:: Work instructions ::
Exactly the lines from the one containing "Load image into" through the end of the records must be reproduced; leave out all pictures.

Image-text web data
- - -

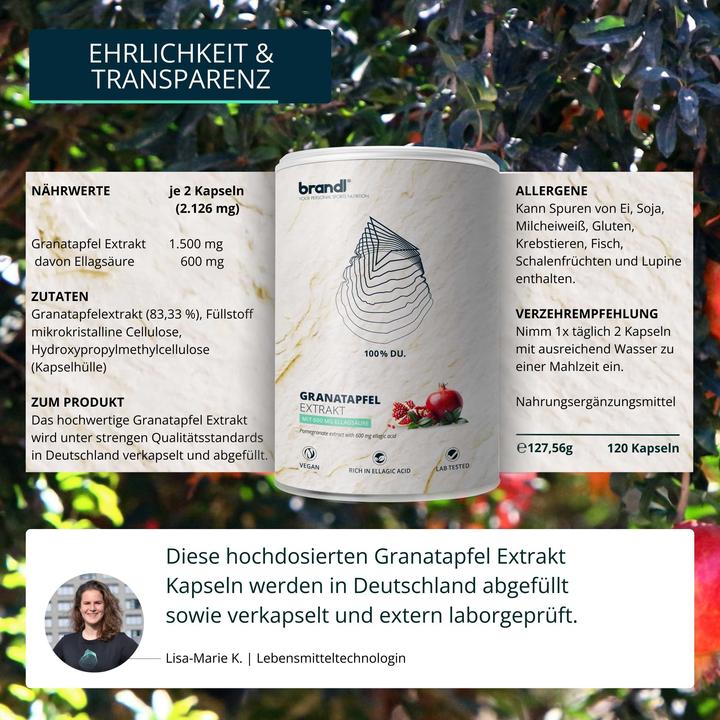 Valori nutrizionali e ingredienti Brandl Capsule di estratto di semi di melograno (1 Pezzo/i, Pillole, 130 g)
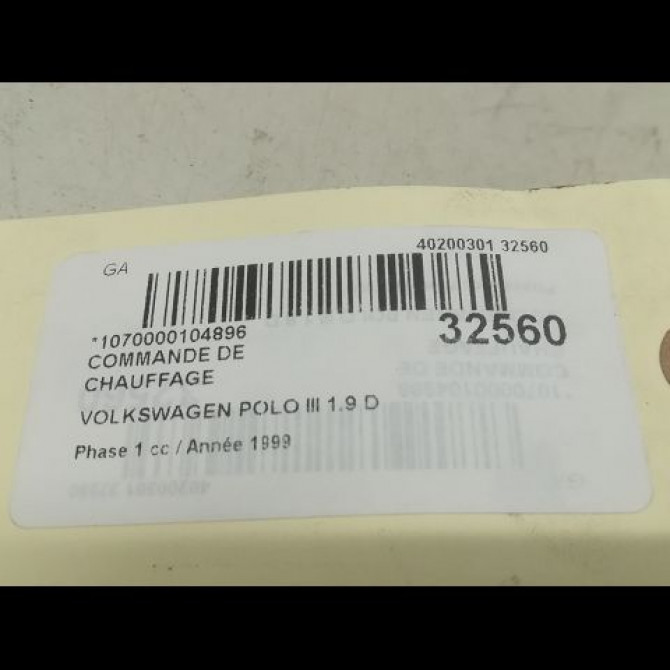 Commande de chauffage occasion VOLKSWAGEN POLO III Phase 1 10-1994->11-1999 1.9 D 3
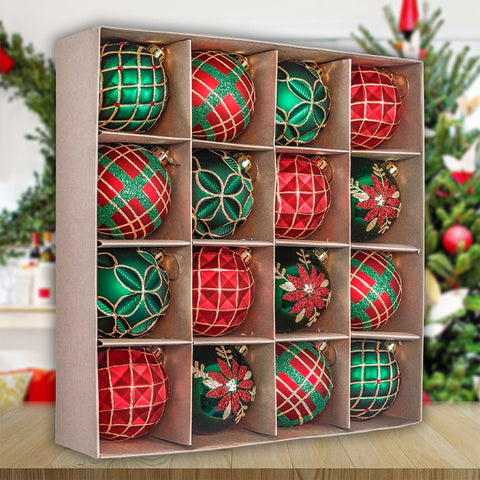 Red Green and Gold Majestic Christmas Ornament Bundle Set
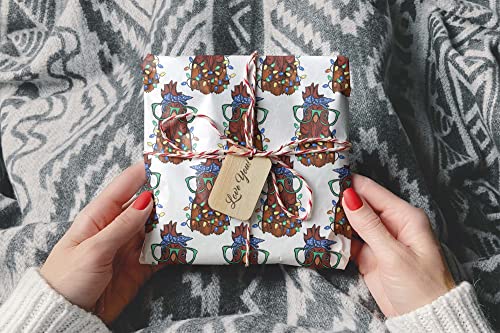 Funny Quirky Mama Chicken Gift Wrap Country X-mas Thick Christmas Wrapping Paper (6 foot x 30 inch roll)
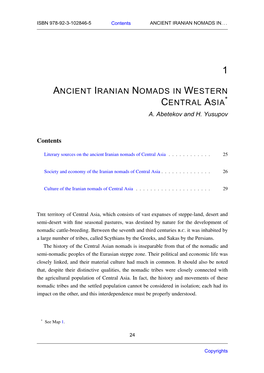 Ancient Iranian Nomads in Western Central Asia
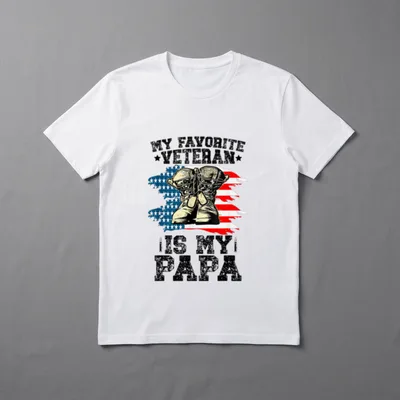 My Favorite Veteran Is Papa Kids T-Shirt – Classic T-Shirt in Black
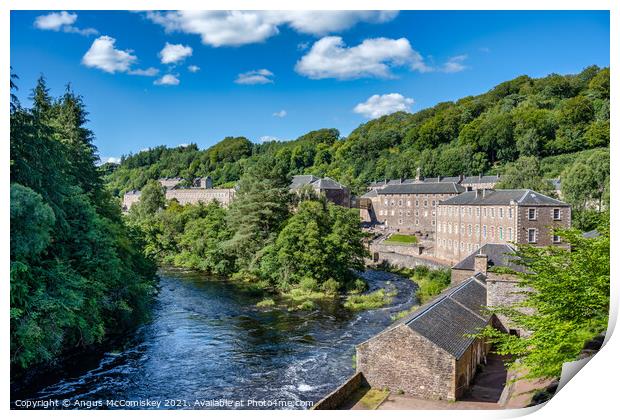 New Lanark and River Clyde Print by Angus McComiskey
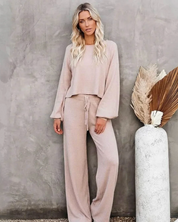 Damen Jogginganzug 2-teilig – Oversize Sweatshirt und Wide-Leg-Hose mit hohem Bund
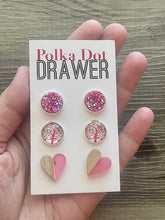 Load image into Gallery viewer, Set of 3 earrings, 12mm earrings, sparkle earrings, stud earrings circle, stocking stuffer wood resin heart Cabochon silver and gold pierced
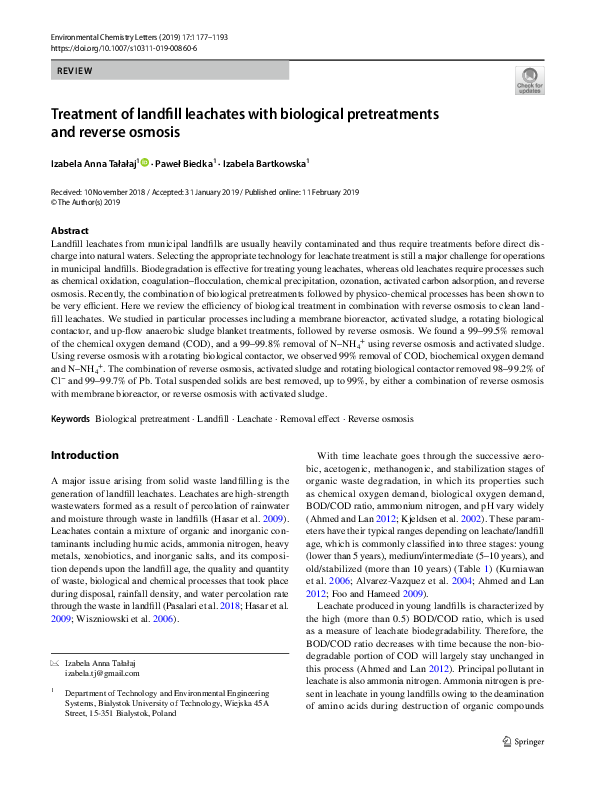 (PDF) Treatment of landfill leachates with biological pretreatments and ...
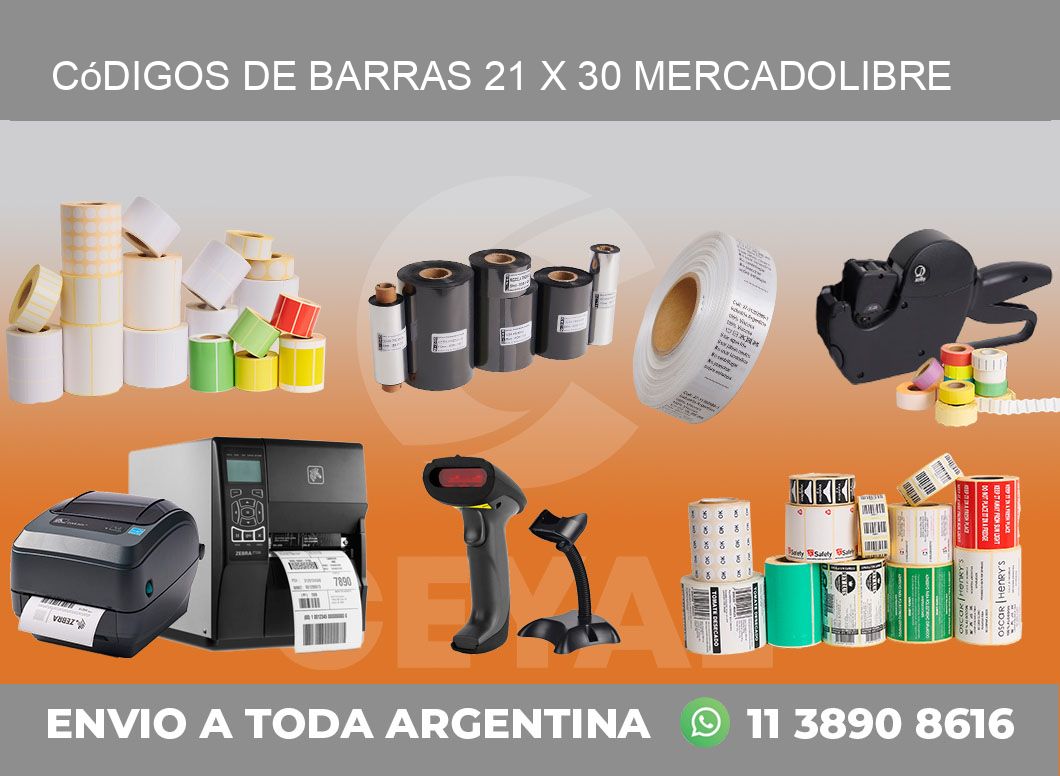 Códigos de Barras 21 x 30 MERCADOLIBRE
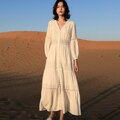 Cotton Patchwork Lace Dresses V-Neck Lantern Sleeve Maxi Dress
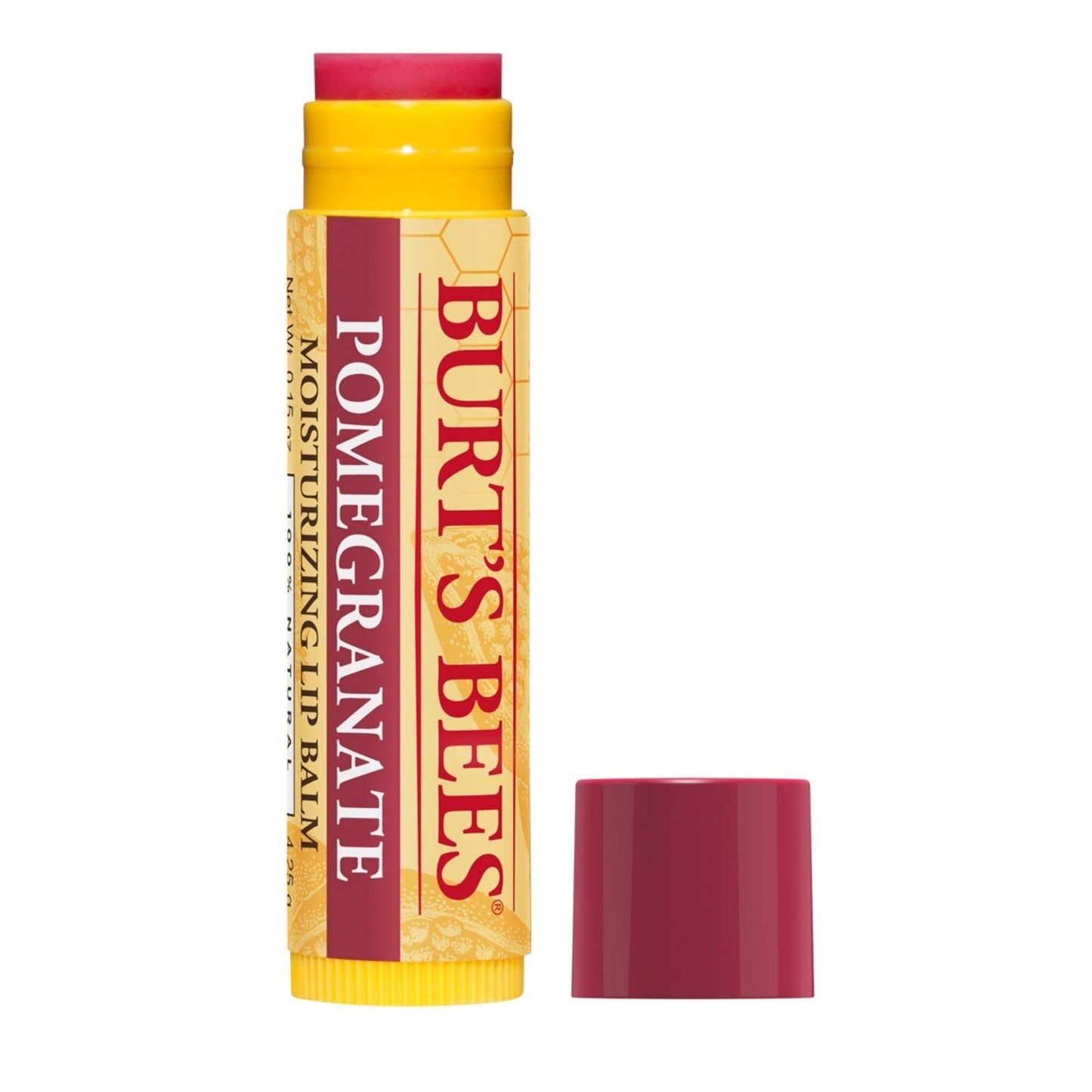 Burt's Bees 100% Natural Moisturizing Lip Balm, Pomegranate with Beeswax and Fruit Extracts, 1 Tube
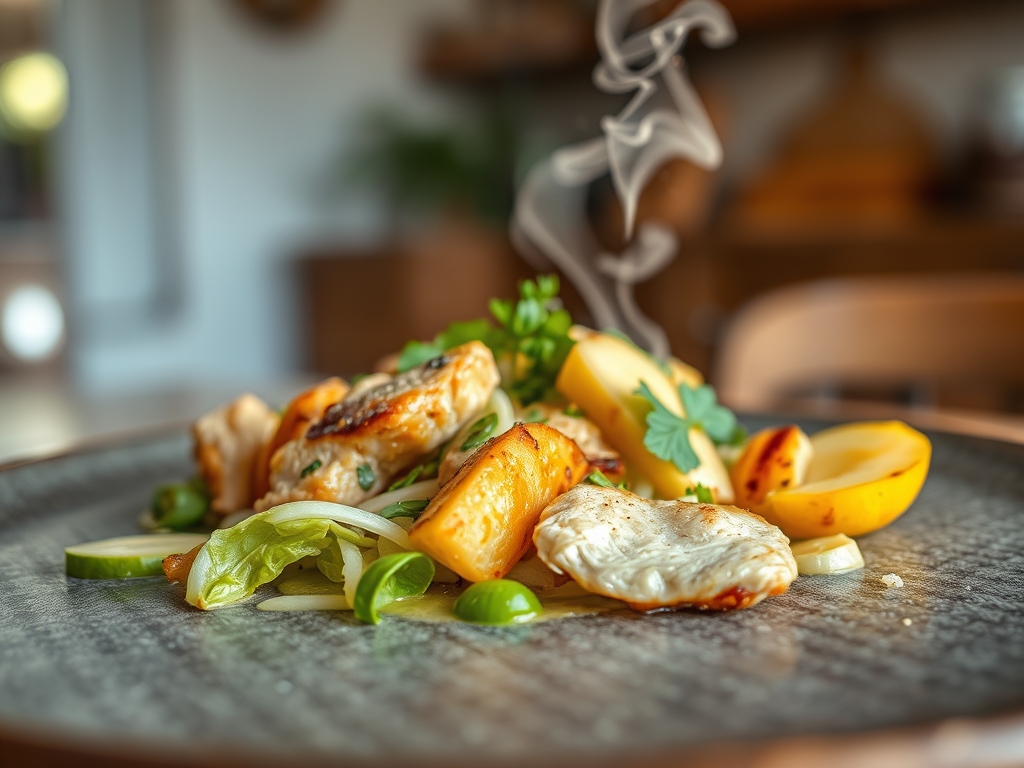 Ensalada de pollo y manzana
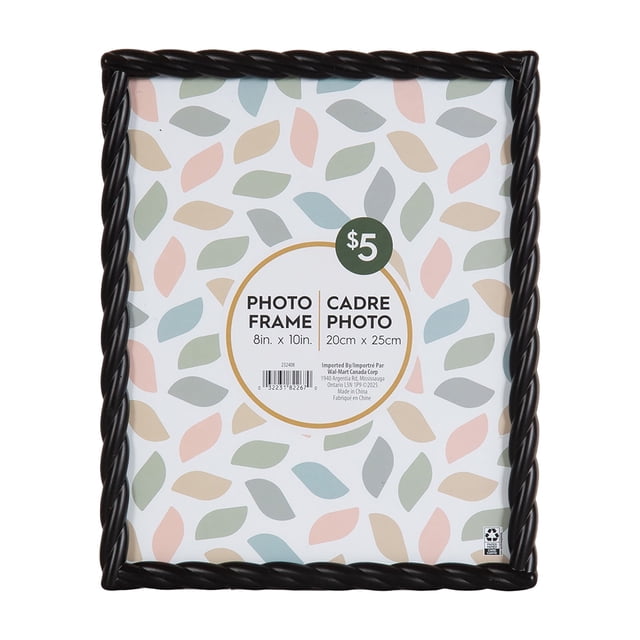 Saltana 8x10 Braided Black Tabletop Picture Frame with a black twisted braided border, holding an 8 by 10 inch photo, shown front-facing with a multicolored leaf pattern placeholder, suitable for tabletop or wall display in home décor.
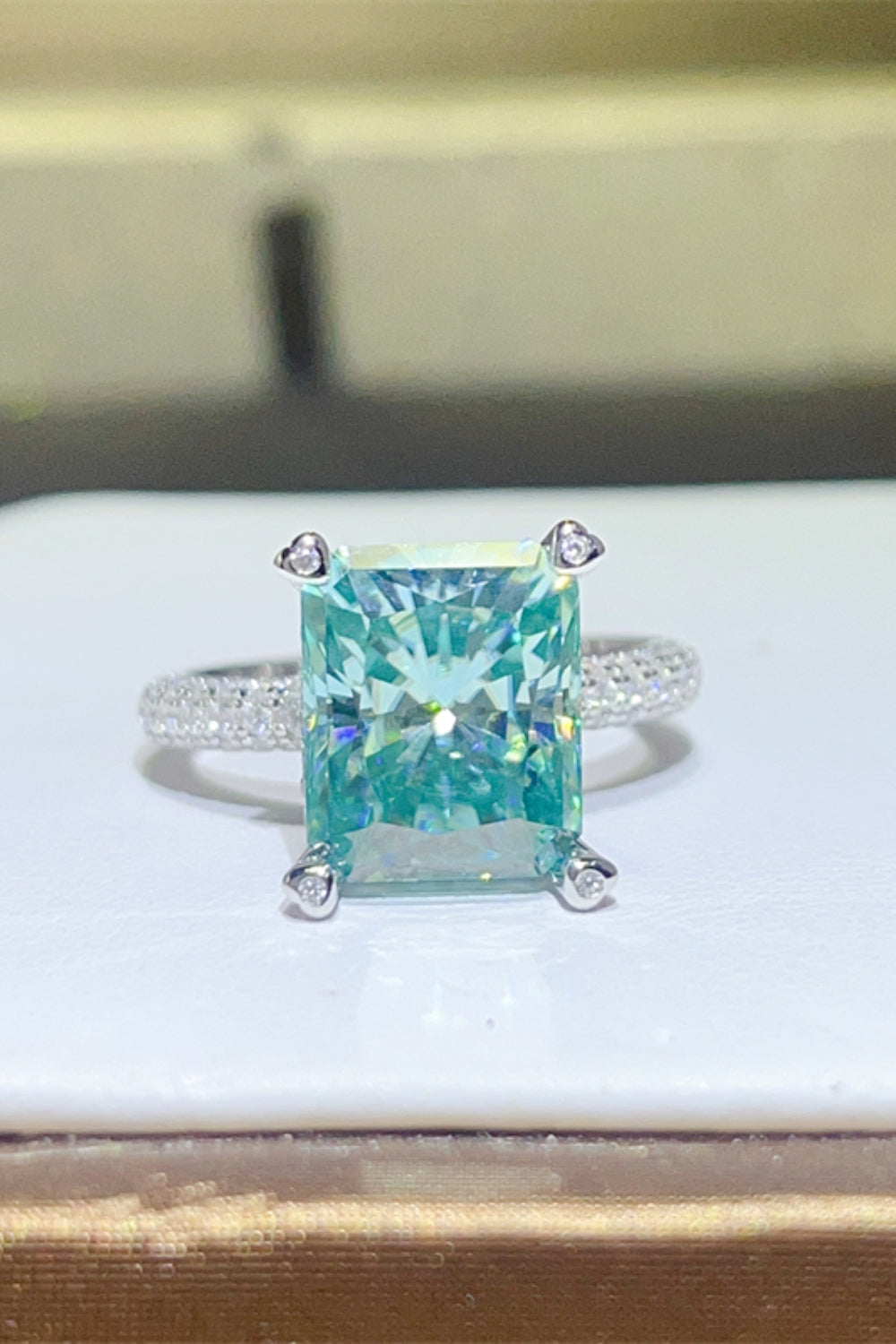 5 Carat Moissanite Ring Teal Stone 925 Sterling Silver Square Platinum-plated b20db644-2159-4a12-9db4-35d2a9ebb8bb-Max Trendsi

- - -

:: Answer section ::
 Load image into Gallery viewer, Set of 3 earrings, 12mm earrings, sparkle earrings, stud earrings circle, stocking stuffer wood resin heart Cabochon silver and gold pierced
 (PDF) Treatment of landfill leachates with biological pretreatments and ...
 Códigos de Barras 21 x 30 MERCADOLIBRE
 Cotton Patchwork Lace Dresses V-Neck Lantern Sleeve Maxi Dress
 Burt's Bees 100% Natural Moisturizing Lip Balm, Pomegranate with Beeswax and Fruit Extracts, 1 Tube
 Ensalada de pollo y manzana
 Saltana 8x10 Braided Black Tabletop Picture Frame with a black twisted braided border, holding an 8 by 10 inch photo, shown front-facing with a multicolored leaf pattern placeholder, suitable for tabletop or wall display in home décor.
 5 Carat Moissanite Ring Teal Stone 925 Sterling Silver Square Platinum-plated b20db644-2159-4a12-9db4-35d2a9ebb8bb-Max Trendsi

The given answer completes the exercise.